Cumulative Line Composition

This blog is intended to demonstrate how an entire composition (i.e., melody, harmony, bass motion, etc...) can be derived from a singular line containing these key elements to then develop further.

Years ago, I attended a brilliant concert by the great Ravi Shankar and at that time I had been studying Carnatic Indian Ragas, Talas and Konnakol. (https://en.wikipedia.org/wiki/Konnakol)

At this performance he and his group performed one particular composition based on a 50 beat-cycle which I found intriguing... after the concert I decided to write a composition based on a 25 beat-cycle, which is now the example I will be using to demonstrate this musical approach.

The above comments were merely intended to describe my creative inspiration for this piece of music and nothing more... I will now layout the actual blog topic at hand.

This piece was once again based on a 25 beat-cycle which I subdivided into a 5 bar progression to include a single bar of each 3/8, 4/8, 5/8, 6/8 & 7/8 time signatures in succession, thus equalling 25
beats all combined.

I then decided on using the key of D major and it's respective modes for the overall note content.
My first priority was that I wanted to have an ascending bass line working against an descending melody line all within the figure in order to create an interesting blend of movement and tension.

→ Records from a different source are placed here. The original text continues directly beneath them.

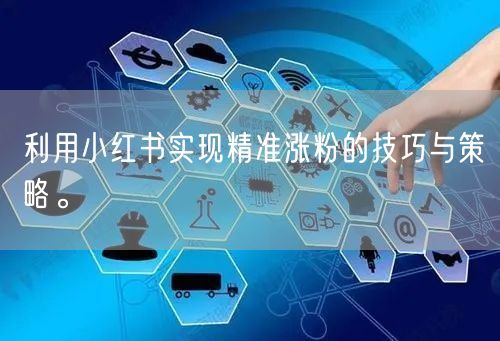 利用小红书实现精准涨粉的技巧与策略。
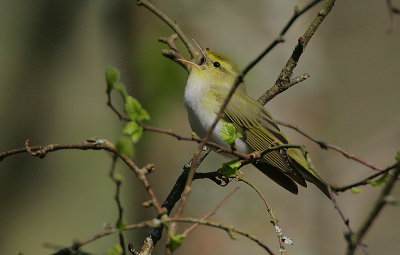 Wood Warbler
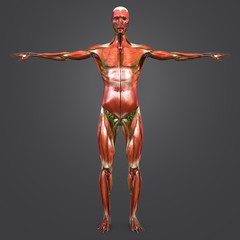 Human Muscular Anatomy with Lymph nodes Anterior view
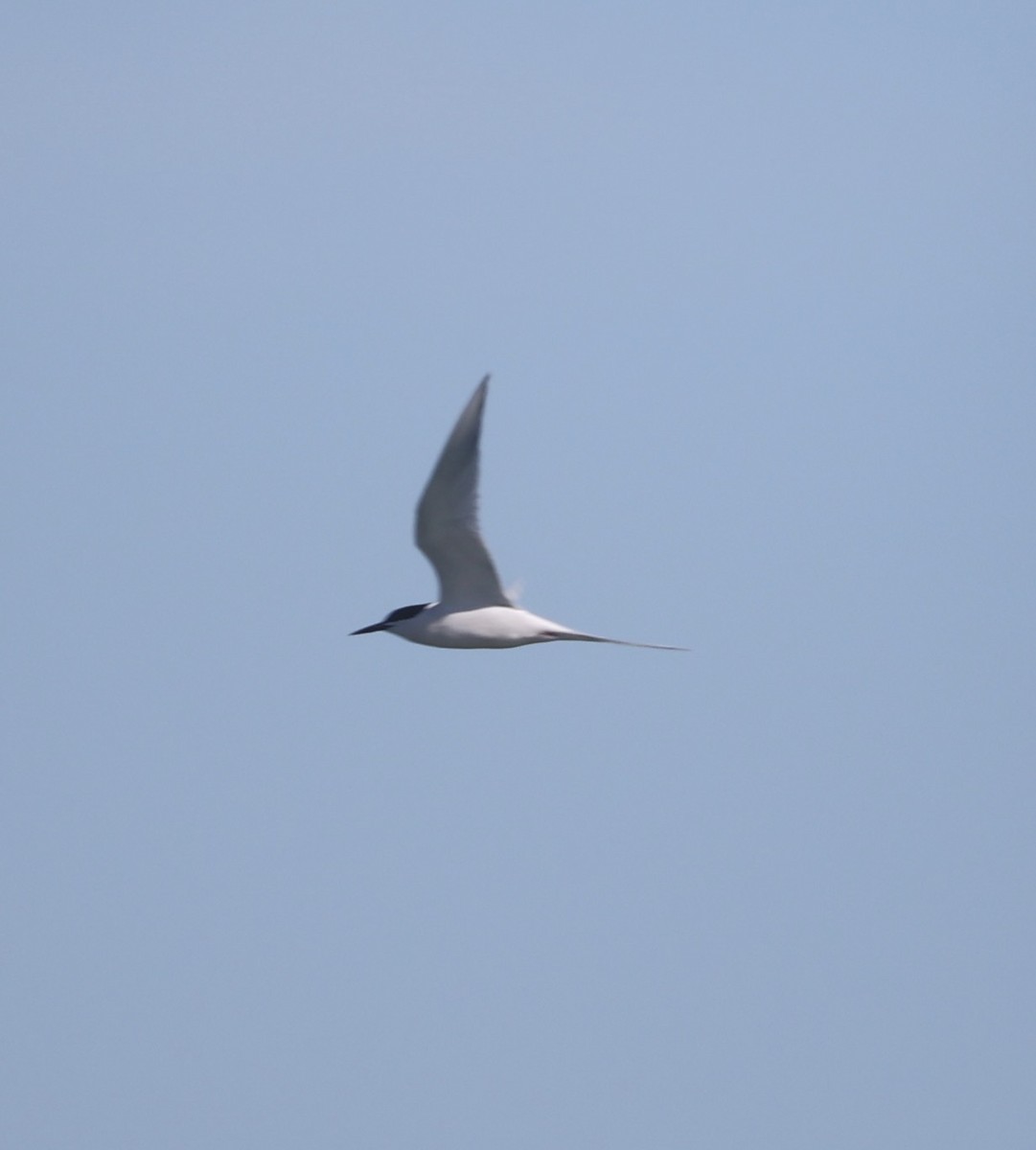 Roseate Tern - ML620713613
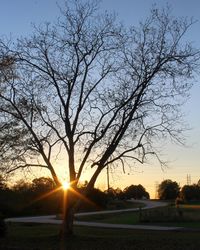Sun shining through trees on landscape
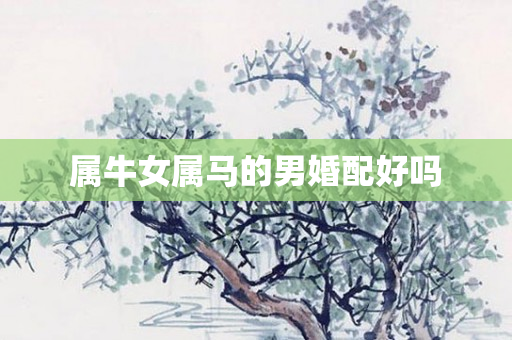 属牛女属马的男婚配好吗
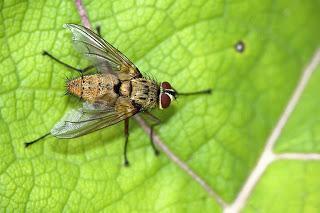 Para ampliar Dexia rustica (Fabricius, 1775) hacer clic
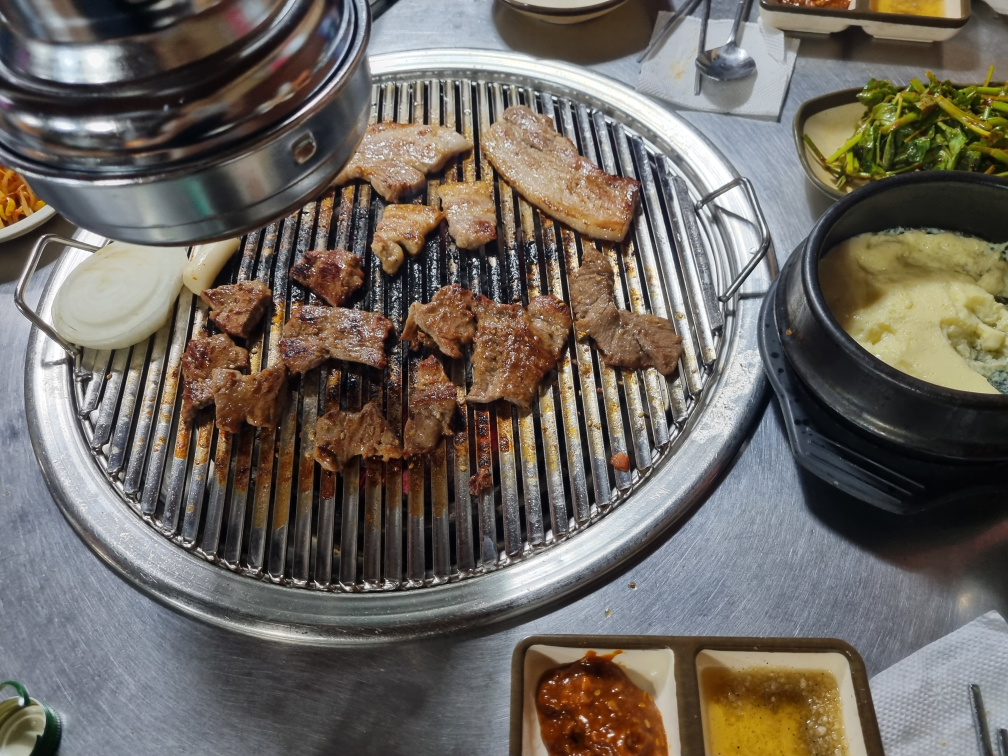 공원갈매기 1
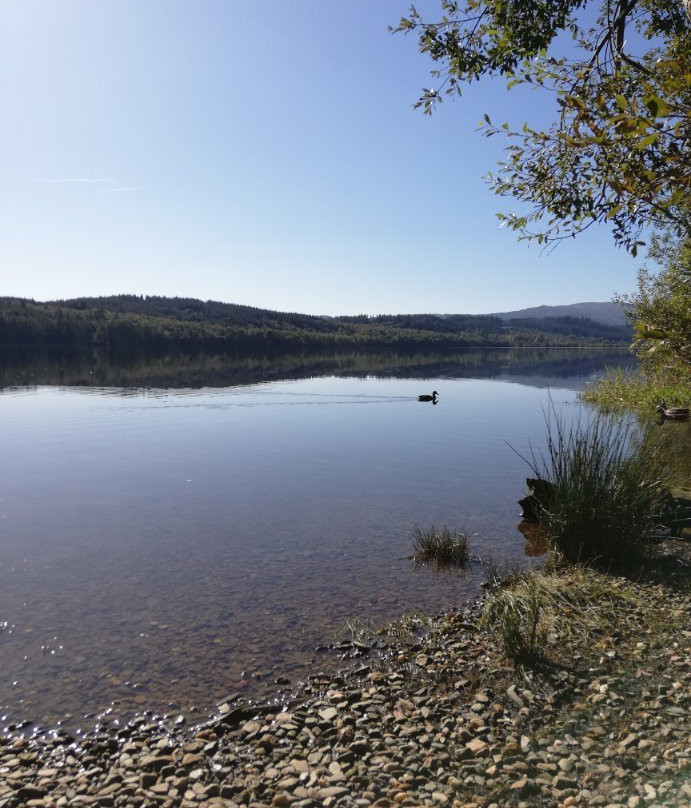 Loch Venachar景点图片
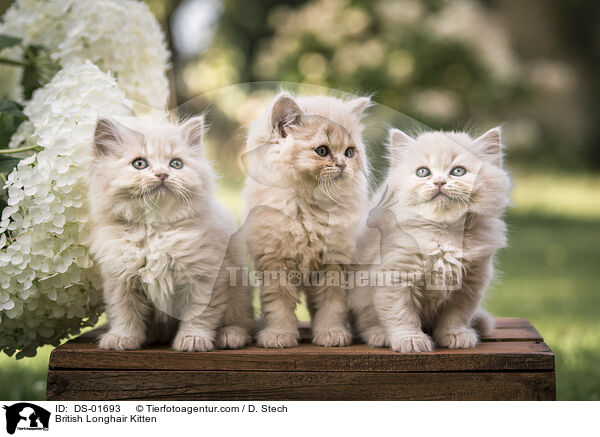 Britisch Langhaar Ktzchen / British Longhair Kitten / DS-01693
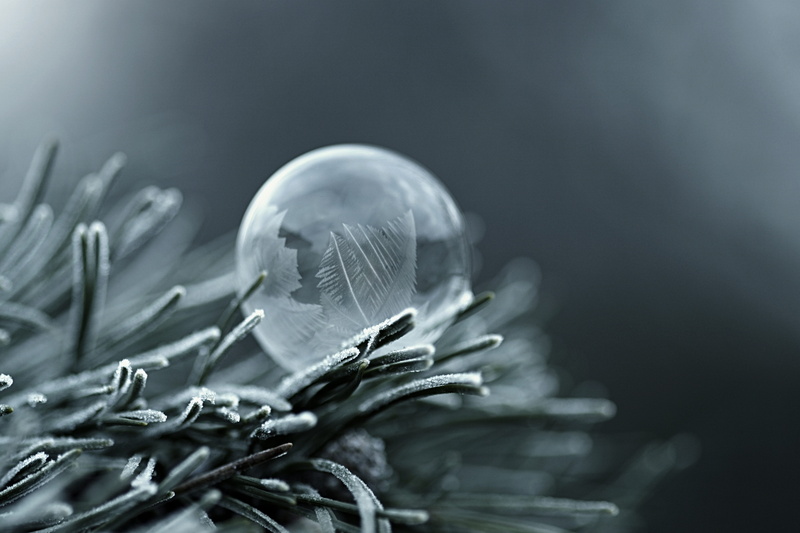 bubble, plant, healthcare and medicine, 5K, nature, no people, leaf, plant part, tree, vulnerability, flower, indoors, coniferous tree, fragility, focus on foreground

Please note in the notation example below that the first and key downbeats of every bar represent the bass motion that in essence simply moves right up the scale starting from E Dorian to F#, G and so on... ending on B in order to create a Cycle V resolution back to the beginning therefore ensuring the ability to repeat itself as long as desired.
The melody line is then starting on an C# moving in a downward motion more or less from that point on as a counter to the bass.

This cumulative line was entirely conceived and written in theory, while of all things riding the train!

It worked out beautifully without one edit being required, which just goes to show once again how musical creation can be achieved thru the use of theory, anywhere and anytime... a truly divine and wonderful thing to be sure!

I have also attached a link to a brief orchestrated audio example that takes the original above and continually deconstructs and develops the line even further. All the individual instrument figures are solely taken from this initial figure!


Please note that this is a quick audio example using basic sounds in Sibelius, therefore its quality is certainly less than desired... However, it suffices just fine in order to demonstrate this topic, so please refrain from any comments regarding the mock-up quality, etc... for that is not the purpose of this blog example at all.